SAIA DO SOL E DA CHUVA, ENTRE...

A morada é simples, é sertaneja, mas tem alimento para o espírito, amizade e afeto.



quinta-feira, 5 de setembro de 2013

UM PÔR DO SOL EM KANTARA


Rangel Alves da Costa*


Kantara está localizado em algum lugar, mas talvez também não exista em lugar algum. Mas lá, existente ou não, há um pôr do sol inigualável, e por diversos motivos.
Estranho que seja assim, pois o sol que se põe em Kantara é exatamente igual aos mais belos sóis quando adormecem. Depois da tarde, quando chega o entardecer e a brisa suave começa a soprar um pouco mais forte, e então no horizonte se descortina o encantamento.
Feito um laranjal ao longo da frutificação, o sol amarelo vai tomando uma cor de laranja madura, da cor da terra e do bronze, para em seguida afoguear e soltar suas labaredas por entre as nuvens. Que belo fogo no sol de Kantara!
As labaredas afogueadas servem como moldura a uma indescritível paisagem. As nuvens se movem em diversos matizes, do dourado ao vermelho sangue, até tudo ser tomado por uma bola de fogo engolindo a última revoada do dia.

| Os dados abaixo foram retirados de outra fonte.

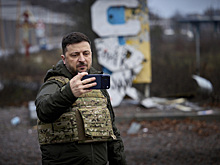 Выяснилось, почему Зеленского не ликвидировали у стелы в Купянске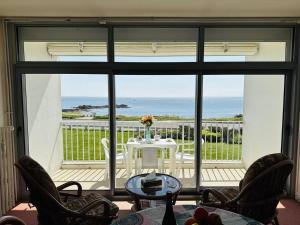 Studio 3pers vue mer, 1min à pied plage, wifi, parking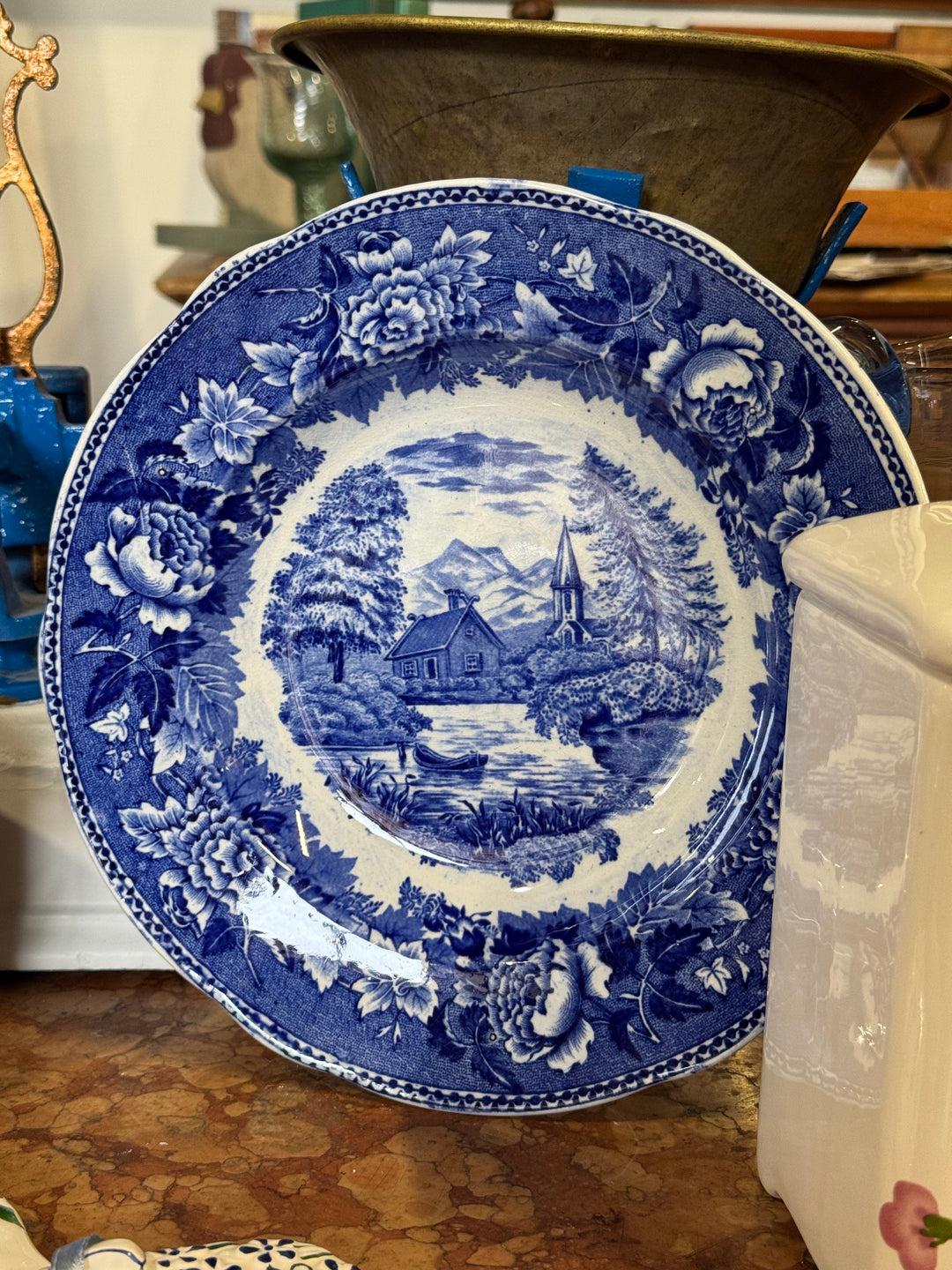 Piatti in ceramica con decoro transfer vintage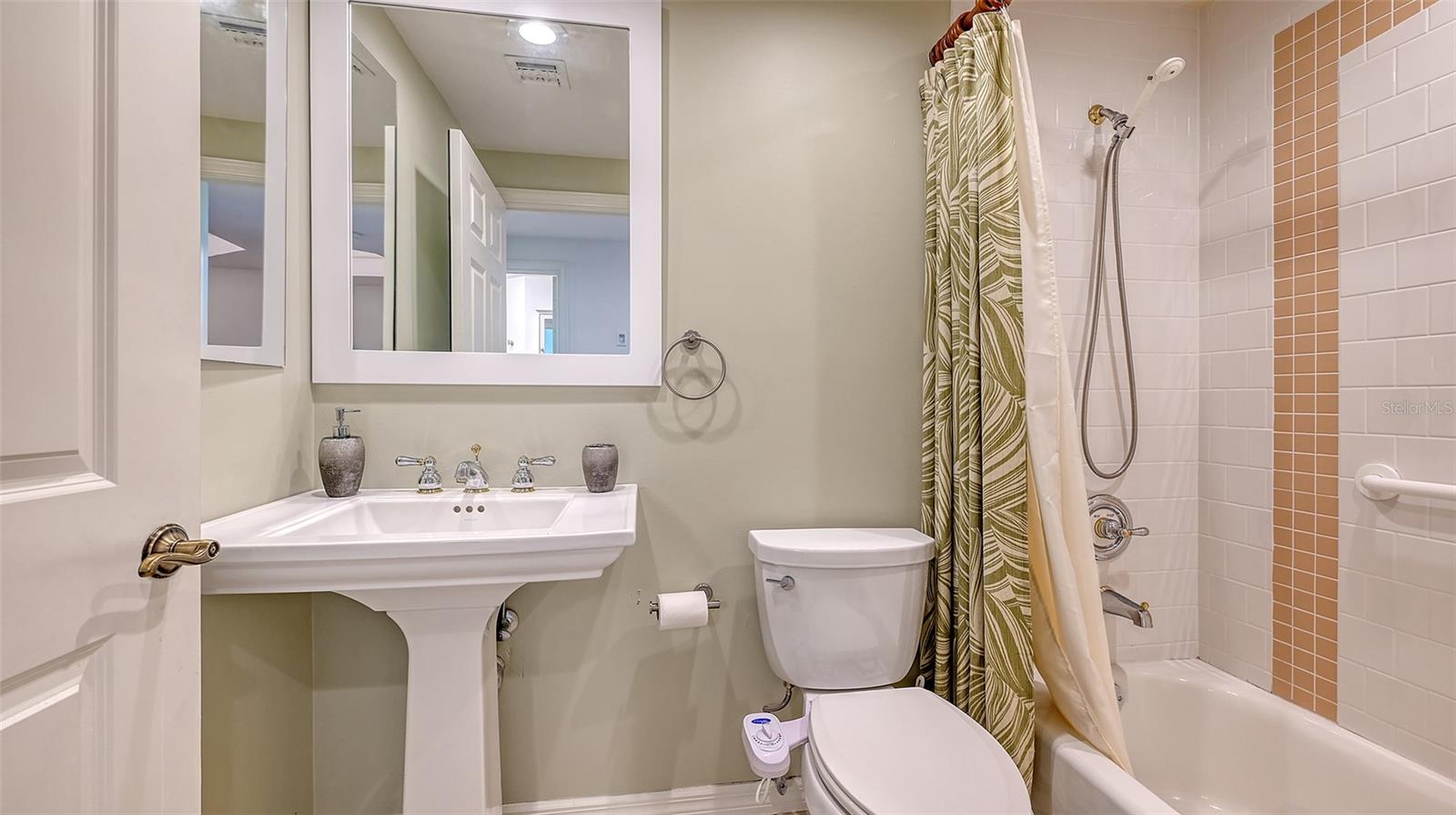 MERIDIAN AT THE OAKS PRESERVE - Residential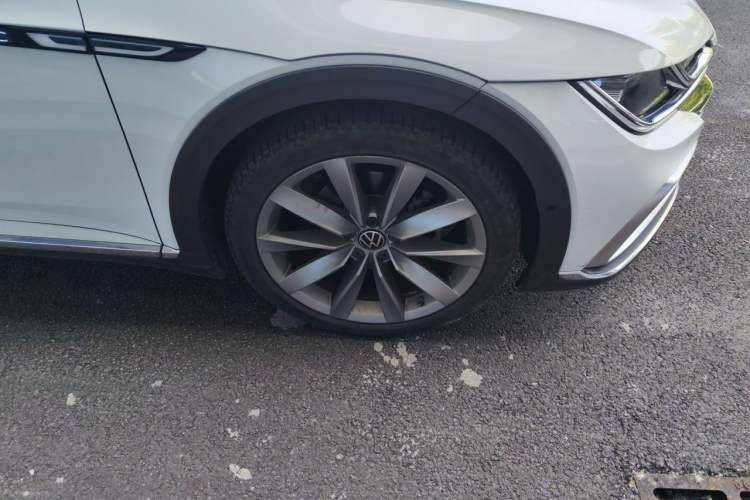 Used Volkswagen FAW-Volkswagen CC 2024 Estate Car 380TSI Hunter's Heart Edition Right Front Wheel Hub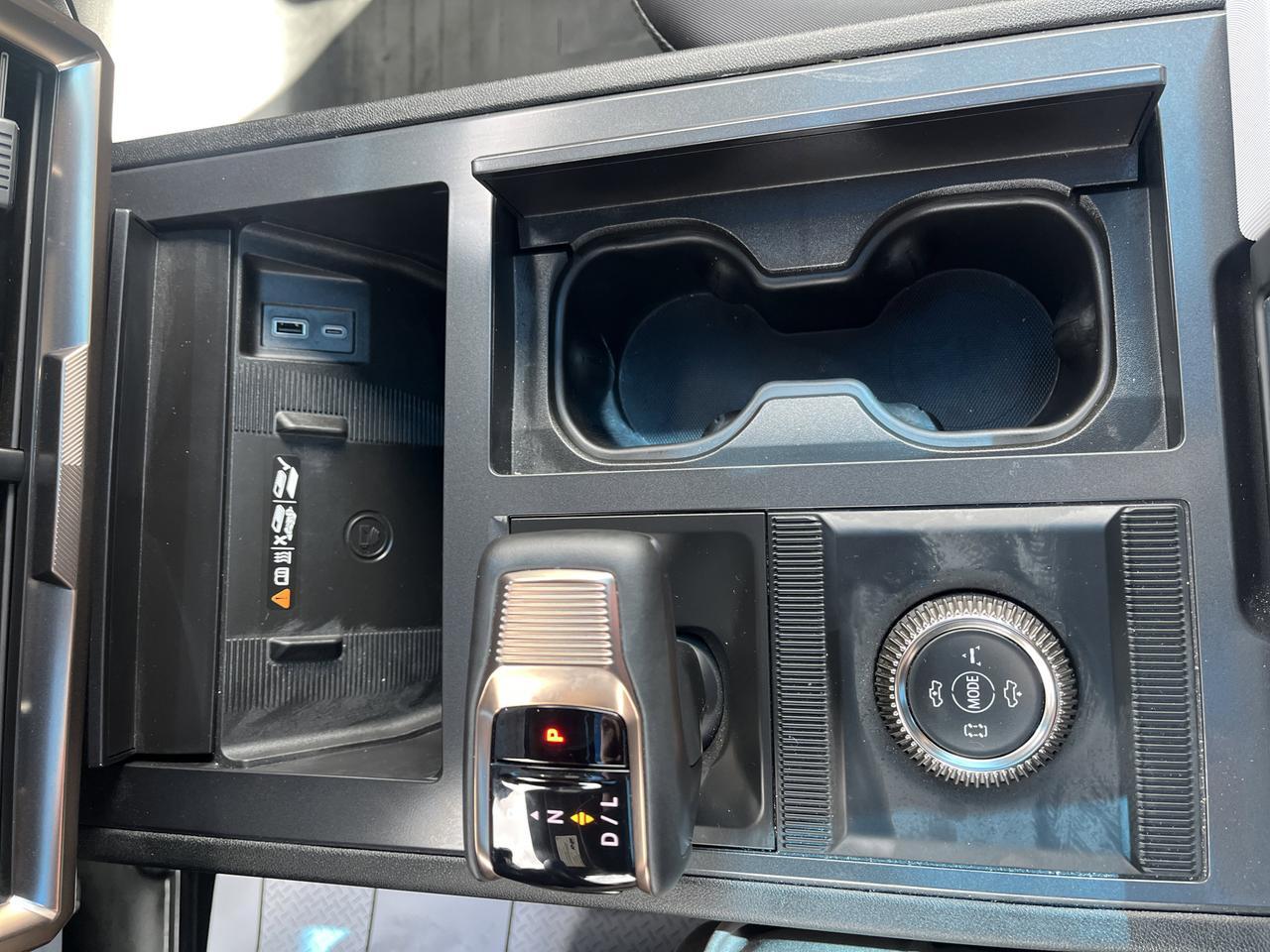 2024 GMC HUMMER EV Pickup 3X e4WD OmegaEdt ExtremeOff-RoadPkg w/24-ModuleUltiumBattery 18sBlackWhels Multi-ProTailgate Saukville WI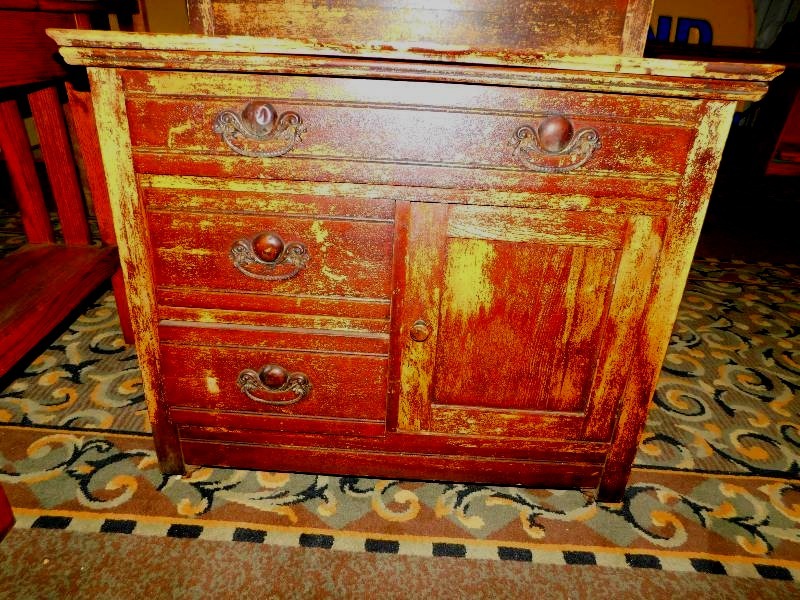 ANTIQUE WASH STAND WITH TOWEL BAR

E tudo vai ficando distante, numa viagem que o olhar comovido não resiste de seguir.
Todo este cenário, num misto de arte e transformação, somente é possível em Kantara. Por isso mesmo que o seu pôr do sol vai além de uma mudança de astros, de uma despedida da luz solar e a chegada dos primeiros sinais da noite, para se transformar numa página de encantamento, reflexão e pulsação espiritual.
Somente Kantara para possuir tal portal ao entardecer. Pelas areias de suas praias, no cais de chegada e partida, em cima de montes e montanhas, nas solitárias e silenciosas campinas, numa janela qualquer defronte à natureza, seja em qualquer lugar, tudo leva ao instante maior da magia do seu pôr do sol.
Somente o fim de tarde em Kantara para que todos os sentimentos escondidos ou adormecidos sejam revelados ou aflorados. Vem a saudade boa, chega a terna lembrança, surgem as doces recordações de feições e momentos, de encontros e compartilhamentos.
E também outras memórias, faces tão insistentes nestes momentos de pôr do sol. Por mais que se queira viver apenas o encantamento e a magia do momento, impossível fugir dos olhares internos que chegam ao pensamento como sentenças de aflição e angústia.
É próprio do pôr do sol, principalmente no entardecer de Kantara, que tudo aconteça assim. O olhar sorridente, a mente esvoaçante, o coração tomado de contentamento, e de repente tudo mudando de cor como a própria paisagem adiante. A tristeza, a saudade dolorosa, o retrato angustiante, tudo isso também faz parte da moldura daquele pôr do sol.
De onde a pessoa está, de onde lança seu olhar para a fogueira no horizonte, tudo ao redor parece também tomado por aquelas cores avermelhadas, abrasadas, de lava escorrendo entre as nuvens. As pastagens, as montanhas, as pedreiras, as estradas e curvas, os arvoredos solitários, tudo também tomado por aquele fogo sonolento e inebriante.
Sonolento porque já resto do dia, entorpecido porque o sol já com suas últimas forças para partir, tudo em calmaria porque as ondas açoitantes da tarde já se recolhendo para o silêncio das sombras da noite que logo virão. No último esforço de existência, aquelas veias do entardecer jorrando seu sangue por detrás das montanhas, além da linha do horizonte.
O pôr do sol em Kantara também é verso e poesia, é escrita íntima e sentimental; folheia álbum de antigas fotografias, avista cartas amareladas pelo tempo, reencontra imagens escondidas atrás dos vitrais da memória. Naquele instante todo ser é poeta e cantador, é um leitor do próprio passado.
Em Kantara, nas tardes de pôr de sol, também já sorri e chorei, já voei e pousei no mesmo galho frágil do pensamento. E ali também já abri meus braços e orei como se estivesse diante do templo maior da fé e perante de um Deus maravilhoso e só meu. Eis que Kantara também é templo e paraíso.
Mas não sei bem onde fica Kantara. Não sei se é muito longe ou muito perto, se é aqui ou ali. Talvez esteja em qualquer onde meus sentimentos se elevem ao pôr do sol. Talvez esteja em Poço Redondo, na minha janela de agora ou no seu olhar.
Talvez esteja mesmo no seu olhar. Por isso me perco em viagem a partir do seu cais e retorno sempre que a brandura dos seus braços me deixe repousar.